##### TASK INPUT #####
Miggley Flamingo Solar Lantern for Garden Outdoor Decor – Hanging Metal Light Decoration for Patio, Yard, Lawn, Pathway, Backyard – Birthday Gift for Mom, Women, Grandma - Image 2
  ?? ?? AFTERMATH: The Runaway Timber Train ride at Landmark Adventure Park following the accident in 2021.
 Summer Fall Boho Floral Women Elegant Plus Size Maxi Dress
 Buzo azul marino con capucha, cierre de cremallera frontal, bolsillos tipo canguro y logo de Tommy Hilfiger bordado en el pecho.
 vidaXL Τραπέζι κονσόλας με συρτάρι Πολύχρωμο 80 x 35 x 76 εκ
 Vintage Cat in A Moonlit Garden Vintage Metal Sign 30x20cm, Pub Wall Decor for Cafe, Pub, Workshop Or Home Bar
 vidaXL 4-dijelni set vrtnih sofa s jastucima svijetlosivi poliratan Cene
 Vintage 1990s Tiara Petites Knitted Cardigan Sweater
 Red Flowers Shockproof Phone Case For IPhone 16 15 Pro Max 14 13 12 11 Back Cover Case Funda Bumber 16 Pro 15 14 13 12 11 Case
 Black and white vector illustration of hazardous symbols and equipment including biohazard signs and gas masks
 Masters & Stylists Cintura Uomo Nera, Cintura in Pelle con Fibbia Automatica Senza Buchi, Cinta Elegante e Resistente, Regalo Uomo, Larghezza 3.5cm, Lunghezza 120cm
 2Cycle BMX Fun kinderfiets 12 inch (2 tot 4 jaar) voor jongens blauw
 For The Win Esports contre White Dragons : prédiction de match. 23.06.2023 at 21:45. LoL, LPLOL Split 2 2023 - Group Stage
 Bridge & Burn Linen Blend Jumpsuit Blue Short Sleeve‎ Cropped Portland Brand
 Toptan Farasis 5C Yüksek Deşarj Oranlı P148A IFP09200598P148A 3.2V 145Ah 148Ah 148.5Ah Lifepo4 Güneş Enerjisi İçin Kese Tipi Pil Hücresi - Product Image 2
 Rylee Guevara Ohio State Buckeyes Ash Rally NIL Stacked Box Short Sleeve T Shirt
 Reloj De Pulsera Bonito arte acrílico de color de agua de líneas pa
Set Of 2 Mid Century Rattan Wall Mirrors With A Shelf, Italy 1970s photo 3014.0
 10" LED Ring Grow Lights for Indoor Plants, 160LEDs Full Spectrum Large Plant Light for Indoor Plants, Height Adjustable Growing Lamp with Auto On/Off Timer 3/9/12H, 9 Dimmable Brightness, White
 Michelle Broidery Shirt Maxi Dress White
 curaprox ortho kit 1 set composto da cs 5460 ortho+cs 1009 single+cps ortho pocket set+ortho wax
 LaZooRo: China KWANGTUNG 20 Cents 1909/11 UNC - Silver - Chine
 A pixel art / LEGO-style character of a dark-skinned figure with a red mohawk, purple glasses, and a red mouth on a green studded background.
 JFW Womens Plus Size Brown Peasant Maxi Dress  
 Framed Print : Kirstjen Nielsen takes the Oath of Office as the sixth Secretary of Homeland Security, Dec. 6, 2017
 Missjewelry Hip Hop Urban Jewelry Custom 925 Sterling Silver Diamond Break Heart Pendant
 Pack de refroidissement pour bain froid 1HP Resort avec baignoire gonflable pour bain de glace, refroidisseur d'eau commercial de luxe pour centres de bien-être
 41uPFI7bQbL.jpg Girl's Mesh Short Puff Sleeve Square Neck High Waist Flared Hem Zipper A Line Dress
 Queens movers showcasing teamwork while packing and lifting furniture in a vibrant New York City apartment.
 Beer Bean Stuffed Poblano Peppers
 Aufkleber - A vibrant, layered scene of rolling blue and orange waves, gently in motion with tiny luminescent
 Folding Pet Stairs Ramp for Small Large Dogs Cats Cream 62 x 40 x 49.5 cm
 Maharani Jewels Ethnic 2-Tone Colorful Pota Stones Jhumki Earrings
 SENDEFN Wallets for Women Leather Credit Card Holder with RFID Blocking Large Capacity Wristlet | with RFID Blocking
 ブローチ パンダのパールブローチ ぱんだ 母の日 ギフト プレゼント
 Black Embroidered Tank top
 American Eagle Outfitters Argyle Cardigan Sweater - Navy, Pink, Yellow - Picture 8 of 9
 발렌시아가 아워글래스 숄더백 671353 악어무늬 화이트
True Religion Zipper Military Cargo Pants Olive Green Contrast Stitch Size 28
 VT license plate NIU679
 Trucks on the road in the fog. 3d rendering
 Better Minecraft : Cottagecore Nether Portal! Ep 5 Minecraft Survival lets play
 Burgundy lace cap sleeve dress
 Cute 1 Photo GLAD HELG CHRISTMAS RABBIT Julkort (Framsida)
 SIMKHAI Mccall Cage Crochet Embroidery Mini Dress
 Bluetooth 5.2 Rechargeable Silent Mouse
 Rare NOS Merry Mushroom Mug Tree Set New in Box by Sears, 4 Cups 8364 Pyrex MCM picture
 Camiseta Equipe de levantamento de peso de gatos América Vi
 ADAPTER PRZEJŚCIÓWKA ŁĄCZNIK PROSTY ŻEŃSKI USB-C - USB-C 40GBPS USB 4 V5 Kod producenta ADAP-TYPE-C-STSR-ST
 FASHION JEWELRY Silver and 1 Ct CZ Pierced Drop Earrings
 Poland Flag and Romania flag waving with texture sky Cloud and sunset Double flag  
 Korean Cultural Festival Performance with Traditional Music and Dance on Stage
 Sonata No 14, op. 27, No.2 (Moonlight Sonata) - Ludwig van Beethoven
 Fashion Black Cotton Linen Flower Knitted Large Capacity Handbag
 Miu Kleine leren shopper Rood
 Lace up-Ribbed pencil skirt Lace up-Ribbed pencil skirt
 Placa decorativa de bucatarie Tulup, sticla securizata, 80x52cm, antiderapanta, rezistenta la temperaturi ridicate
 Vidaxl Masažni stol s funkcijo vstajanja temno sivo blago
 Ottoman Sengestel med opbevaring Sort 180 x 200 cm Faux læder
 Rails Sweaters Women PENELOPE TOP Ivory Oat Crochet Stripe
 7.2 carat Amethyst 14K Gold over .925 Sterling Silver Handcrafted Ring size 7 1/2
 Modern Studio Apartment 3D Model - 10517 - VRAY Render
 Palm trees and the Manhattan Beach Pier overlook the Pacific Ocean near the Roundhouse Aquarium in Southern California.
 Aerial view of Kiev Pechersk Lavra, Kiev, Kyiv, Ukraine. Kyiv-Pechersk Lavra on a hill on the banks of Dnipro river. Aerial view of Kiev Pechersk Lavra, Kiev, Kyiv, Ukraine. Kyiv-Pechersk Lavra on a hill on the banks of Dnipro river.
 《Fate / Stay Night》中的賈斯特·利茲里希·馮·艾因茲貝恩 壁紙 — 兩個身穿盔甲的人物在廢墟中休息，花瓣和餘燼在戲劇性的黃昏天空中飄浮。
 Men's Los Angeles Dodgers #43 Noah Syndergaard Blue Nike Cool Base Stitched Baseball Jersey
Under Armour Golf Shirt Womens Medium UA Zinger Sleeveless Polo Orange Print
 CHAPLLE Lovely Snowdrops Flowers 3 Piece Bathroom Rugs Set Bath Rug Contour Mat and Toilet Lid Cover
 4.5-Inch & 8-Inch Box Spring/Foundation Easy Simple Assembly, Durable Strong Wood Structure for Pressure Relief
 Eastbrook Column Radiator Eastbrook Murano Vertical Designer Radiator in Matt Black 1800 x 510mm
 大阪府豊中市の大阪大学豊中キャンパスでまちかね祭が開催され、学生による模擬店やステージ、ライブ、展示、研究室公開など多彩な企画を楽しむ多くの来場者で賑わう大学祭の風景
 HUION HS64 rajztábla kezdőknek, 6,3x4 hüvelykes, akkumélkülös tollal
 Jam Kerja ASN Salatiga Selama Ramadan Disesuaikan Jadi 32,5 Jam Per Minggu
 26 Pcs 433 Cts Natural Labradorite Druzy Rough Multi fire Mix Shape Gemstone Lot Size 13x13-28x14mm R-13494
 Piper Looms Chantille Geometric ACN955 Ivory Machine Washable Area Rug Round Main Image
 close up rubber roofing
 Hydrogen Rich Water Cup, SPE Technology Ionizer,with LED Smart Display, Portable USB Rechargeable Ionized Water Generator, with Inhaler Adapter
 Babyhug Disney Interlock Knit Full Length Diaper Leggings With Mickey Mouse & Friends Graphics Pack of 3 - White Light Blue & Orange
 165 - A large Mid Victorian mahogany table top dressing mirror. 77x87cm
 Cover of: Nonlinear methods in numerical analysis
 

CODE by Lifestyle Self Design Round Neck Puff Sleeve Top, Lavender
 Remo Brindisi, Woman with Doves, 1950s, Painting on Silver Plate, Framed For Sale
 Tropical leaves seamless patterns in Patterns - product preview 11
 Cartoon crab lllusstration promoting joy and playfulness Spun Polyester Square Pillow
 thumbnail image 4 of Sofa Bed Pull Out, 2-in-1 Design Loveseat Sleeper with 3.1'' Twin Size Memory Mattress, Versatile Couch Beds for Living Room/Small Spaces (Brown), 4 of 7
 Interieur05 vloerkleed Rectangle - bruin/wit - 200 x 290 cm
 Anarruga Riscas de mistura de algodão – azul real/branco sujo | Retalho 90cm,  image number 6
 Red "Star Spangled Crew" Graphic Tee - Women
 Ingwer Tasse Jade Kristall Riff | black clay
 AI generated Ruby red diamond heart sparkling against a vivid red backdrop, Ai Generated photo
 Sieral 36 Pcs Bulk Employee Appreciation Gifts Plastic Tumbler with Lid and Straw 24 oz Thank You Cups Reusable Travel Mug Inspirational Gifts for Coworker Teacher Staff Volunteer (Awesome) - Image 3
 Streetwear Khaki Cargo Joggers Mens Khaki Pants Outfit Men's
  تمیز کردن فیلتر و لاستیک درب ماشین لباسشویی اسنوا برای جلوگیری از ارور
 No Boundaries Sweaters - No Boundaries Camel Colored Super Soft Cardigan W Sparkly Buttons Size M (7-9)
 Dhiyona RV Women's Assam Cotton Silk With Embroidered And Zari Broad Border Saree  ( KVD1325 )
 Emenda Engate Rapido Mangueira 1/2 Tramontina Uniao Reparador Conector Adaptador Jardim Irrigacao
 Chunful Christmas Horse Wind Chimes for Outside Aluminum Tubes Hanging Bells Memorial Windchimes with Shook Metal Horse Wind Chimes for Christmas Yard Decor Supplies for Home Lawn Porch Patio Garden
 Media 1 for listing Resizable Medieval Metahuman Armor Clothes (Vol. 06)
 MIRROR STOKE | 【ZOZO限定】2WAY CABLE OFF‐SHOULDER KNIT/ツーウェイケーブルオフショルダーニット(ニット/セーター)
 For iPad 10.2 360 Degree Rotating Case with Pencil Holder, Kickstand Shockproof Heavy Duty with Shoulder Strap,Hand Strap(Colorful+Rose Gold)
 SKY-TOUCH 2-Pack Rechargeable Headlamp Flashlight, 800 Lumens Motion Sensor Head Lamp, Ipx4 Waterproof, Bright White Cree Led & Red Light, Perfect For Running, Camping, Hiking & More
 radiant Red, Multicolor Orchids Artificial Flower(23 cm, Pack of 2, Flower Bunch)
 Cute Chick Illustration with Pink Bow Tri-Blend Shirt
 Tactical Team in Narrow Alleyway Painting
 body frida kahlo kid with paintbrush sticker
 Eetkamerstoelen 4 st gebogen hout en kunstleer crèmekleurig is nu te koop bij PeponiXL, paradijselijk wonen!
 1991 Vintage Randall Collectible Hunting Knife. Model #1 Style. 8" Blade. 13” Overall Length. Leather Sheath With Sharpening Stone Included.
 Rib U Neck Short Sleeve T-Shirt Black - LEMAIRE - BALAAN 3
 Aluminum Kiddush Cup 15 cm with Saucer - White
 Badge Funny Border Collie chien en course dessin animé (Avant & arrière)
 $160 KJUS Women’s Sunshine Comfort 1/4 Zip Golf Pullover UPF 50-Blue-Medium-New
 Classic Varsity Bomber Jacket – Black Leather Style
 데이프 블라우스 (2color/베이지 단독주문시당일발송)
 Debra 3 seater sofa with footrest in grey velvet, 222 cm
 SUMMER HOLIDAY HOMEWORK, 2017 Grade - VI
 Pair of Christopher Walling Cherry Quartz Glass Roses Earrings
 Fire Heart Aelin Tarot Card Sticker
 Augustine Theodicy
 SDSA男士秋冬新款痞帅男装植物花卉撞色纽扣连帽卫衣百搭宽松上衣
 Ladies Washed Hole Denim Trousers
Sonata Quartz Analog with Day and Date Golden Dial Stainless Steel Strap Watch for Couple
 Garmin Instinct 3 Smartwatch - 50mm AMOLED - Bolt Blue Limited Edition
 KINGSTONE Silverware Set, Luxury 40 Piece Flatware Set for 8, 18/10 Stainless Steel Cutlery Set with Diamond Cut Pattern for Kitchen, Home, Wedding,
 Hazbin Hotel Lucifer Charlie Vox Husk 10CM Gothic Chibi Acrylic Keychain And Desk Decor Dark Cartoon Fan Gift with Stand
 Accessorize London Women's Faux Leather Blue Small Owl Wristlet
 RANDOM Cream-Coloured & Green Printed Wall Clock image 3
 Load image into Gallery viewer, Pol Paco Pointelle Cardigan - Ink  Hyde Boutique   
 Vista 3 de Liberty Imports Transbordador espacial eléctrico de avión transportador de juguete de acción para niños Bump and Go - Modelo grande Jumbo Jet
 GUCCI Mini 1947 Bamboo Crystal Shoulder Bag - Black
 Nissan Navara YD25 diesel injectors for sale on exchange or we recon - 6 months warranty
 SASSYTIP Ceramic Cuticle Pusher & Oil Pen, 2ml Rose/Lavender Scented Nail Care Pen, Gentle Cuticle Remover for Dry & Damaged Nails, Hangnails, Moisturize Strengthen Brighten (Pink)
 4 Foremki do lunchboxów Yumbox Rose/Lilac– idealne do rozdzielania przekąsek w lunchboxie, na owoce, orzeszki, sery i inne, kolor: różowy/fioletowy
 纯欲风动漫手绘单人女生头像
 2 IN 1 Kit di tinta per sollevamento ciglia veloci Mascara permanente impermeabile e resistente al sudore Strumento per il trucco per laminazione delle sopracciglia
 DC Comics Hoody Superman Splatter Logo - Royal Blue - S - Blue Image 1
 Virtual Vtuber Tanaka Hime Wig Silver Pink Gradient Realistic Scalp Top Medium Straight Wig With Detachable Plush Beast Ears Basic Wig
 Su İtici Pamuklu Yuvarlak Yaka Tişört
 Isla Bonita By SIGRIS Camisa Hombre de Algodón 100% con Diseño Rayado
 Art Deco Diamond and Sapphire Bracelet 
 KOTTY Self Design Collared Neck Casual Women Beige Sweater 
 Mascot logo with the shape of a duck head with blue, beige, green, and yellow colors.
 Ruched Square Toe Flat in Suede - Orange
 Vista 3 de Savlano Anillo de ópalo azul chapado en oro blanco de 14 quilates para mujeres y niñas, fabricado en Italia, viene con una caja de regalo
#####
- _PROBLEM STATEMENT_: The first line of the entries, the line with "Vintage 1990s Tiara", and every line between them should be retyped exactly, and nothing else.

- _TASK OUTPUT_:
Miggley Flamingo Solar Lantern for Garden Outdoor Decor – Hanging Metal Light Decoration for Patio, Yard, Lawn, Pathway, Backyard – Birthday Gift for Mom, Women, Grandma - Image 2
  ?? ?? AFTERMATH: The Runaway Timber Train ride at Landmark Adventure Park following the accident in 2021.
 Summer Fall Boho Floral Women Elegant Plus Size Maxi Dress
 Buzo azul marino con capucha, cierre de cremallera frontal, bolsillos tipo canguro y logo de Tommy Hilfiger bordado en el pecho.
 vidaXL Τραπέζι κονσόλας με συρτάρι Πολύχρωμο 80 x 35 x 76 εκ
 Vintage Cat in A Moonlit Garden Vintage Metal Sign 30x20cm, Pub Wall Decor for Cafe, Pub, Workshop Or Home Bar
 vidaXL 4-dijelni set vrtnih sofa s jastucima svijetlosivi poliratan Cene
 Vintage 1990s Tiara Petites Knitted Cardigan Sweater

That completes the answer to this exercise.